Parte II

98 24 220
                                    


Mal ultrapassara a porta de ferro, e já saíra em disparada pela escada; as pontas dos pés dançando sobre os degraus, quais saltava dois a dois. Como Javis, minutos atrás, pulando-os, aquele sorriso largo dependurado no rosto.

Desta vez, não corria por alegria, como Javis. Nem sabia ao certo pelo que corria. Estava apavorado.

Aquelas palavras o atropelaram, antes mesmo que pudesse concluir sua frase, sem qualquer direito a defesa. Não conseguia mais pensar em nada. Resmungara algo, que nem mesmo ele compreendera, uma desculpa vazia, como um "com licença" ou "um minuto".

Estava confuso, atordoado, como se tivesse batido a cabeça. Bem forte.

Não sabia o que pensar, não conseguia pensar. Até o dado momento, tudo o que agia nele era puro instinto. E odiava aquilo, não ter controle sobre si mesmo.

Talvez Javis também estivesse assim, atordoado.

Já passara pela segunda porta, e não havia o mínimo sinal dele. Ainda estava lá em cima. Pôde ver a maneira que lhe olhou, naquele pequeno e infinito espaço de tempo em que ficaram calados, encarando-se. Aquele olhar de incompreensão, implorando por palavras. Implorando por respostas.

Como naquela noite, há pouco mais de um ano. Na primeira vez que dissera-lhe que o amava. Não só a ele como a qualquer pessoa. Fora o primeiro "eu te amo" a sair de seus lábios, naquele sentido de amar. Javis não respondera, apenas encarava-o, com aquele olhar caótico. Calado. Titubeou um "boa noite" e saiu, trôpego, abrindo desajeitado o portão daquele prédio branco.

Teria ele subido a escadaria para o seu apartamento, saltando os degraus dois a dois, como o fizera, agora mesmo?

Não sabia se era tristeza o que sentira aquela noite. Estava... Devastado. Confuso. Como um cãozinho acanhado, que não sabia o que fizera de errado para ser trancado nos fundos da casa. Ele não sabia o que fizera de tão errado.

Estaria Javis sentindo-se assim agora, do mesmo modo que sentira-se um atrás? Devastado, confuso?

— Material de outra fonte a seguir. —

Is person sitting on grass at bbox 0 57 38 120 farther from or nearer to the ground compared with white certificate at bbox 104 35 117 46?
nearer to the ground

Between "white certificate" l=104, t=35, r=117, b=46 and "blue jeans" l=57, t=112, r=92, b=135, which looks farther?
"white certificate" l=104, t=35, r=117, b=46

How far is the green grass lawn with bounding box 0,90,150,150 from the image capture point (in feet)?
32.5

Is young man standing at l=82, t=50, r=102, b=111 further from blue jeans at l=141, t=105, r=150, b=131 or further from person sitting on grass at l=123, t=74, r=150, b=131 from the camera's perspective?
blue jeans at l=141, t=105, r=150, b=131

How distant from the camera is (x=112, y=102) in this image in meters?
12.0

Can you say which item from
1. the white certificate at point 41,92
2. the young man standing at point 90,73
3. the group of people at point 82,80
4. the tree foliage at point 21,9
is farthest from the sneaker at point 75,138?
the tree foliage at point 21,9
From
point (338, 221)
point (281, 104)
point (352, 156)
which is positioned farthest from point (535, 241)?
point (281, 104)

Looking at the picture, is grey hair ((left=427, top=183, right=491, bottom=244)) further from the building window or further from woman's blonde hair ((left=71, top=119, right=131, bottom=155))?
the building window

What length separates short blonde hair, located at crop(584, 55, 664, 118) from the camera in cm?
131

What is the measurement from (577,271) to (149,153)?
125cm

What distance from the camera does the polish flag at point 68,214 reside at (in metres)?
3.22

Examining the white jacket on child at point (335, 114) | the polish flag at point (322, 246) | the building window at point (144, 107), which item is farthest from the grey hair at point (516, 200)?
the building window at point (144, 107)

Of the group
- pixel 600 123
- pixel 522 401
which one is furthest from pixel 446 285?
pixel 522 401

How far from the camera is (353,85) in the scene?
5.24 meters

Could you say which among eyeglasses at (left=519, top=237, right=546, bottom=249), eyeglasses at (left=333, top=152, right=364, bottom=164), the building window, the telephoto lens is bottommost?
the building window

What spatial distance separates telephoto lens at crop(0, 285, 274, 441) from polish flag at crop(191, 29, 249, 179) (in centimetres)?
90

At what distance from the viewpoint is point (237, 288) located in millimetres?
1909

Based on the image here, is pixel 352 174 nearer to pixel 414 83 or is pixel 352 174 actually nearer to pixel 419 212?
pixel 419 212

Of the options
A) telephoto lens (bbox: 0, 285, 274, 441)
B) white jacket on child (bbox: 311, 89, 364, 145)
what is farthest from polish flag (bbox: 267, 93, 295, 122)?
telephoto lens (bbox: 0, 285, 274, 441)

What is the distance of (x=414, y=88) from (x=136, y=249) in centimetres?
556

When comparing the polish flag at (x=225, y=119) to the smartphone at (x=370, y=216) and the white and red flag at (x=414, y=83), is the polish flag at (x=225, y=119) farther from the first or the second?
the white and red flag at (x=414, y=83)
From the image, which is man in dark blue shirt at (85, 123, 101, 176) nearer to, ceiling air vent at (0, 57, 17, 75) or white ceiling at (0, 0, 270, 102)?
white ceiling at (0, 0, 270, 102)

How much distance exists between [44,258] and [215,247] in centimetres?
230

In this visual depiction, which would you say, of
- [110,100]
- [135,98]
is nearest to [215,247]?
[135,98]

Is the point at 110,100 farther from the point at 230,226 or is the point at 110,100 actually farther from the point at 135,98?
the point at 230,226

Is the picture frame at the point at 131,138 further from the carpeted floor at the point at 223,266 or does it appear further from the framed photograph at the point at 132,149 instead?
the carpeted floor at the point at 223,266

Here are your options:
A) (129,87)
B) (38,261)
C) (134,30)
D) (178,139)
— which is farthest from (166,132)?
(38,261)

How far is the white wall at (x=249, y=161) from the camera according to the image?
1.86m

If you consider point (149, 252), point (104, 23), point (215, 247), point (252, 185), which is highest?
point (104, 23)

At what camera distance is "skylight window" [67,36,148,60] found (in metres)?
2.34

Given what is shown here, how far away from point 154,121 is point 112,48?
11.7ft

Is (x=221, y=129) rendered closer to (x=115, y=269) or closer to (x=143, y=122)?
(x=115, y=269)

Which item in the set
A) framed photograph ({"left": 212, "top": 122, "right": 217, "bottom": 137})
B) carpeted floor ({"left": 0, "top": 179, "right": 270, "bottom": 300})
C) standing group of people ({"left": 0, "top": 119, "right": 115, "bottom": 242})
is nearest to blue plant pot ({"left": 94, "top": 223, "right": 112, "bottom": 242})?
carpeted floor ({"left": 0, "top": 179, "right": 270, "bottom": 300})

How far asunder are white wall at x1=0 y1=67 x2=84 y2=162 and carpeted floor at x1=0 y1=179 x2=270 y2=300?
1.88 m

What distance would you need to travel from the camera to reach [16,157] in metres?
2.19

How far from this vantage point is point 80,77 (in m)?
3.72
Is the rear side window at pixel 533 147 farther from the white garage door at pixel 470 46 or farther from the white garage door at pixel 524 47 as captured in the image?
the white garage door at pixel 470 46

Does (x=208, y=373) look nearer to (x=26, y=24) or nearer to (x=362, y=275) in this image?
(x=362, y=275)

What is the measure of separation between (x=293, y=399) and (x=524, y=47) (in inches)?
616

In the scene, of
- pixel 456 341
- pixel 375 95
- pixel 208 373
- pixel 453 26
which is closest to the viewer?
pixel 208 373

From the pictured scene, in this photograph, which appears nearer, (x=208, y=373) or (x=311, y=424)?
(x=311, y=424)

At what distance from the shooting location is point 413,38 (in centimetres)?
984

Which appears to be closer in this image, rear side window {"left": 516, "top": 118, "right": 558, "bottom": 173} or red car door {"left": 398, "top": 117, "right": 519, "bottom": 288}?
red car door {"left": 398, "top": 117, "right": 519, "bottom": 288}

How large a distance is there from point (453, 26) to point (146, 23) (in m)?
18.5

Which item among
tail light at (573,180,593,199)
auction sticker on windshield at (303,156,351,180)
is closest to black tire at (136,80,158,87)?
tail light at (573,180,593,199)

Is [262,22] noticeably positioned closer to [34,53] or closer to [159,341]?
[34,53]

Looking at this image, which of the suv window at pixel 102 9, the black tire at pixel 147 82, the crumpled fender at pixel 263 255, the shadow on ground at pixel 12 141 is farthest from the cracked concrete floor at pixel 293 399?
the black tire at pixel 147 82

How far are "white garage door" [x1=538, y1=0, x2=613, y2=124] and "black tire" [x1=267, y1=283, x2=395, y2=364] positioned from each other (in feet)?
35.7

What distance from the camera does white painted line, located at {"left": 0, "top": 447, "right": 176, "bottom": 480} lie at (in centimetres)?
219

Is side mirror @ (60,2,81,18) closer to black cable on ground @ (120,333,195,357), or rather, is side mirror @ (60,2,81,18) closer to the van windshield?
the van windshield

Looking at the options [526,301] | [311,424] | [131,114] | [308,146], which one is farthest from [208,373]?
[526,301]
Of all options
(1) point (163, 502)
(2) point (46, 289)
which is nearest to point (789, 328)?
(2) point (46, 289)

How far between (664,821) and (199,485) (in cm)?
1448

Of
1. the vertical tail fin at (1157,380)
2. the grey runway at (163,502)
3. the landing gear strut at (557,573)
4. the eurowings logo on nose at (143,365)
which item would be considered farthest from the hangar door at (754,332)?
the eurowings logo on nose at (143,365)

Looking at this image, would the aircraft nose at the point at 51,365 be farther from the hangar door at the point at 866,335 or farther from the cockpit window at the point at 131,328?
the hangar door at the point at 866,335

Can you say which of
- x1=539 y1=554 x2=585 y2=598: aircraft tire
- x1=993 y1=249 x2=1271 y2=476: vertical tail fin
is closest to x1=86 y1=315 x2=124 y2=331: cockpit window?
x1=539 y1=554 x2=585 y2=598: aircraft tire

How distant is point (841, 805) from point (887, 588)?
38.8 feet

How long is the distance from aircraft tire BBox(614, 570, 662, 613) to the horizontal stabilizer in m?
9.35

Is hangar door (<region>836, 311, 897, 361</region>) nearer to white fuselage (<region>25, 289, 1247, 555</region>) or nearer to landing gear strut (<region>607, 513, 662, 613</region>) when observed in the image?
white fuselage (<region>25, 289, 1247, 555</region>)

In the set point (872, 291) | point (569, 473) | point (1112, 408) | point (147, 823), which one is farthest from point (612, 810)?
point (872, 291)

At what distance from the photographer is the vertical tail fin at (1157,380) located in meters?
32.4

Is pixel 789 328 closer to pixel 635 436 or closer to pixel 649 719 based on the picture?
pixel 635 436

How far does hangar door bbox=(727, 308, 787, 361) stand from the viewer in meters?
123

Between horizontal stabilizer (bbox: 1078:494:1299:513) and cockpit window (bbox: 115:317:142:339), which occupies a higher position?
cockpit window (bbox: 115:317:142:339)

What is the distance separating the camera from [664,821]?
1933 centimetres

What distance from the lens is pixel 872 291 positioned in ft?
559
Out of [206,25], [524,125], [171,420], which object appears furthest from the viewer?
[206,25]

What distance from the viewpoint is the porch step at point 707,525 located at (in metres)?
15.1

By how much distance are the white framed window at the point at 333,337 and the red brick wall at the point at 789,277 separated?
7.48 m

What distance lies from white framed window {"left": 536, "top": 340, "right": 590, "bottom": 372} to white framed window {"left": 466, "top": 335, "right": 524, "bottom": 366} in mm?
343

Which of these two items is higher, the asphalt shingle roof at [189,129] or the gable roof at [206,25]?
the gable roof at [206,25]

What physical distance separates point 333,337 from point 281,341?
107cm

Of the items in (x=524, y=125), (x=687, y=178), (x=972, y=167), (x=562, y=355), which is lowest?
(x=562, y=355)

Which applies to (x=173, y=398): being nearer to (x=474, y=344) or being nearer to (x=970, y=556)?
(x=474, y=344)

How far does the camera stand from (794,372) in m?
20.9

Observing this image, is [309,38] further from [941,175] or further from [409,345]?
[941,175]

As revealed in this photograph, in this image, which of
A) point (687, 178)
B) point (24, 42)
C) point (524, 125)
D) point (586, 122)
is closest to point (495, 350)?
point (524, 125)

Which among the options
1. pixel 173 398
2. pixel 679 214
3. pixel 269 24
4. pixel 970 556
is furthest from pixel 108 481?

Fechou a porta. Encostou-se na parede. Afundou as mãos no rosto.

Merda.

Um fino fio de culpa alfinetava seu peito. Não devia ter feito aquilo, deixado-o sozinho lá em cima. Mas não conseguia encará-lo. Não conseguia lidar com aquele par de olhos cercando-o, indagadores, perguntando "O quê? Por quê?".

O que?

O que mais agora?

Ele não sabia a resposta.

Não adiantaria voltar agora, de mãos vazias, com um sorriso amarelo, pedindo-lhe um tempo para pensar. Era o que deveria ter feito há dois minutos.

Agora precisava pensar.

Soltou o ar que guardava no peito. Deslizou a mão sobre o rosto. E andou.

Envolveu-se novamente naquele ambiente festivo. O saxofone havia, agora, sido substituído por uma voz grave e aveludada; pertencente à um homem elegante, trajado com um terno branco que contrastava com o tom negro de sua pele, cantando algum clássico de Frank Sinatra. Mas Jamie não prestara atenção. Tentava localizar, em meio àquela organizada multidão, um pontinho amarelo ou uma cabeça vermelha.

Emaranhou-se em meio a um grupo de mulheres, uma parede feminina, murmurando rápidos e indiferentes "com licenças" e "desculpes". Contornou um círculo de quase aposentados, reclamando da oscilação do dólar. Passou no meio de um brinde.

E finalmente avistou uma saia amarela pregada, do outro lado do cômodo. Ela estava apoiada numa das canelas finas, com um cara que a cada risada indiscreta a pedia para falar mais baixo, ma sem evitar rir junto. Um novato com uns dois anos mais a menos que ela, também baixinho e com cara de bebê. Não fixava seu nome nem fazia questão disso, era algo meio afeminado, Melvin, se não estava enganado. Nunca simpatizou muito com ele, passou a simpatizar ainda menos quando começou a andar com Holly. Dois idiotas.